|29•|
"Var mı başka bir isteğiniz?"
Yüzünden gülümsemesi eksik olmayan garsona aynı şekilde karşılık verdikten sonra dik bakışlarını üzerime sabitlemiş sevgilimi görmezden gelerek teşekkür ettim. Sabah okula geçmeden önce dün ki şikayetim aklında kalmış olacak ki bu sabah aniden yola çıkmıştık.Şehrin çıkışına yakın, uçsuz bucaksız bir ormanın içerisinde bulunan ama dışının aksine içi son derece güzel olan hoş bir mekandı burası. Kuş sütünün eksik olduğu güzel bir serpme kahvaltı önümüze dizildikten sonra bomboş olan salondan gözlerimi çekerek önüme döndüm.
Sakin geçen uzun bir sürenin ardından nihayet karnım doymuştu. Bu süre zarfında kahvaltısını bitirdikten hemen sonra telefon görüşmelerine başlayan Zahid gözle görebileceğim bir mesafede konuşmaya devam ediyordu. Bakışları bana değdiğinde çekinerek gözlerimi kaçırdım. Dün geceyle ilgili aklıma takılanlar vardı.
Kaçamak bakışlarla son görüşmesini sonlandıran sevgilime baktığımda telefonu kapatarak masamıza doğru yürümeye başlamıştı. Kapının önünde bekleyen görevliye kısa bir el işareti yaptığında o masaya yerleştikten hemen sonra garson gelmiş ve bir bardak içkiyi Zahid'in önüne bırakmıştı. Parmaklarımın arasında ki fincanı iyice kavrayarak sütün yumuşak tadını hiçbir şeyle değiştirmeyeceğimi bir kez daha anladım.
"Hala huzursuz gibisin."
Gergin olduğu sesinden bile anlaşılan adama ne cevap vereceğimi bir süre düşündükten sonra dürüst olmaya karar vererek dudaklarımı araladım.

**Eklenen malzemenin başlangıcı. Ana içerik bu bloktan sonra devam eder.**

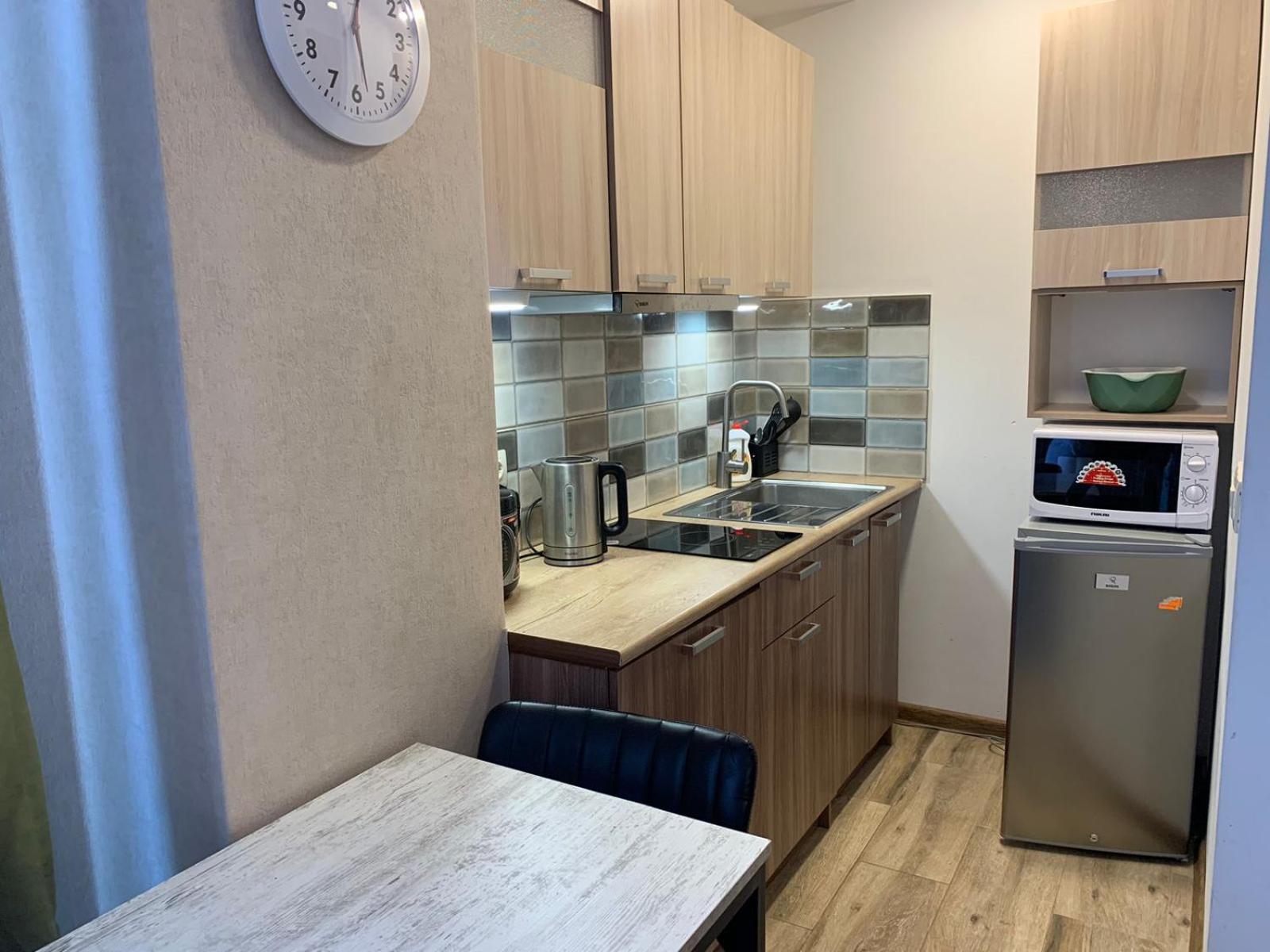 New Gudauri Lofts By Gudauri Travel Aparthotel Kamer foto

Dün gece teşekkürü biraz abartmıştım. Saat gece yarısını geçerken halim kalmayarak sızdığımda Zahid duşumu aldırmış ve beni yine yatağımıza taşımıştı. Her şey o ana kadar normalken uyku sersemi olmama rağmen fark ettiğim deklanşör sesiyle rahatsızca bir kaç kez kıpırdansamda buna izin vermemiş, fotoğraflarımı çekmişti.
Onun yatağında, baygın gibi görünen bedenim ne denli çekiciydi bilmiyordum ama korkunç fotoğraflardı. Uyku sersemi olduğum için kısa süren çekimden sonra hiçbir şey olmamış gibi yine uyuyakalsamda sabah aklımdan çıkmamıştı.

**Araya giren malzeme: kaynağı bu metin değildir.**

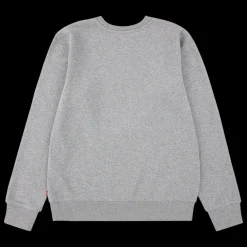Discount Teenager Mini Logo Crewneck Sweatshirt, , 10 år Børn Strik & Sweatshirts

"Dün gece fotoğraflarımı mı çektin? "
Sesim bir mırıltıyı andırırken bulunduğum yer nedeniyle sık sık gözgöze gelmeye başladığım garson yüzünden tabaklara bakmaya başladım. Aramızdakileri fark etmiş miydi acaba? Ne düşünüyordu, merak etmiştim.
"Gözlerini kaçırma."
Sesinde ki sert tını hoşuma gitmezken derin bir nefes alarak kafamı kaldırdım. Kısacık saçları, çatık kaşları ve sivri yüz ifadeleri yüzünden ürkütücü görünen sevgilime baktım. İki düğmesi açık olan gri polo yaka kazağı vücudunu daha da büyük göstermişti sanki. Son derece ruhsuz duruyordu. Dün gecenin aksine.
"Sorun ne?"
Elindeki içkiden büyük bir yudum alarak yeniden aynı sert tonla konuştuğunda bakışlarımı kaçırmak istesemde yapmadım. Aramızın bozuk olduğunu düşündüğü zamanlarda daha agresif, korkunç bir adama dönüşüyordu. Tıpkı önceki zamanlarda ki gibi.

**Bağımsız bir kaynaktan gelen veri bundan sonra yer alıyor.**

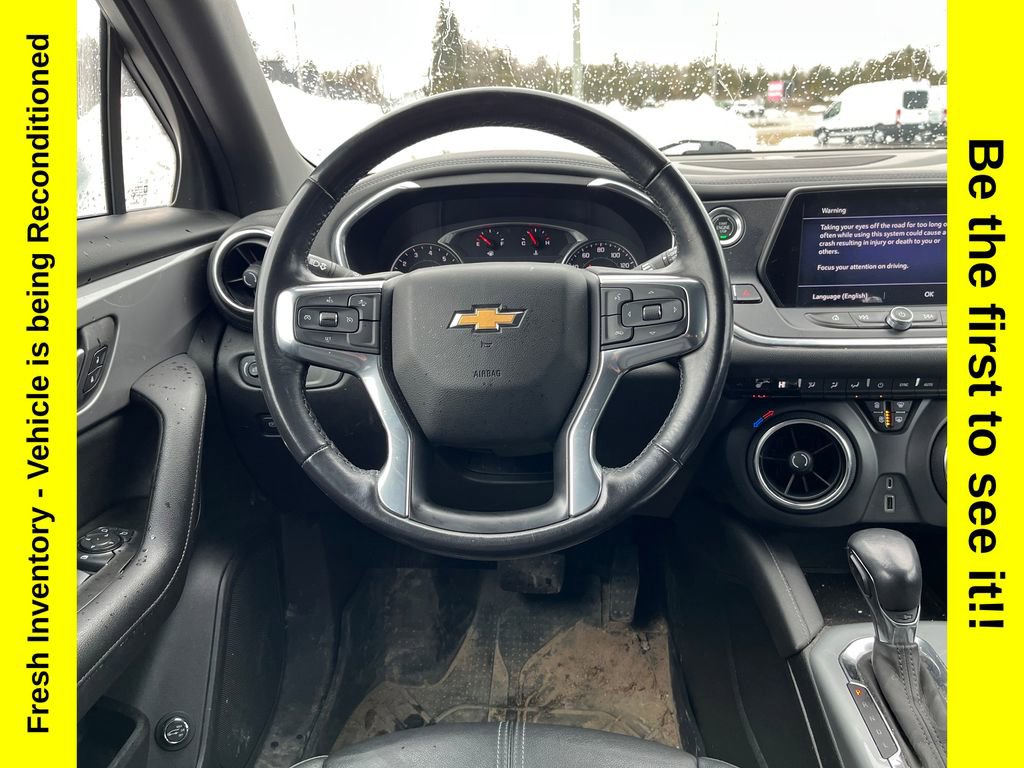 Used 2022 Chevrolet Blazer LT w/ LPO, Floor Liner Package image 13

"Bir şey yok, sadece bu durum hoşuma gitmiyor biliyorsun ve yapmaya devam ediyorsun."
Zihnimde toparladığım cümlem benim bile beklemediğim bir atiklikle dudaklarımdan çıktığında elinde ki bardağı masaya bıraktı.
Dik bakışları benden uzaklaşarak salonun her noktasında dolaşmaya devam ettiğinde şöminenin sesinden başka çıt sesi bile çıkmıyordu. Bakışları kapının önünde ki garsona kitlendiğinde adam saygıyla başını eğmişti.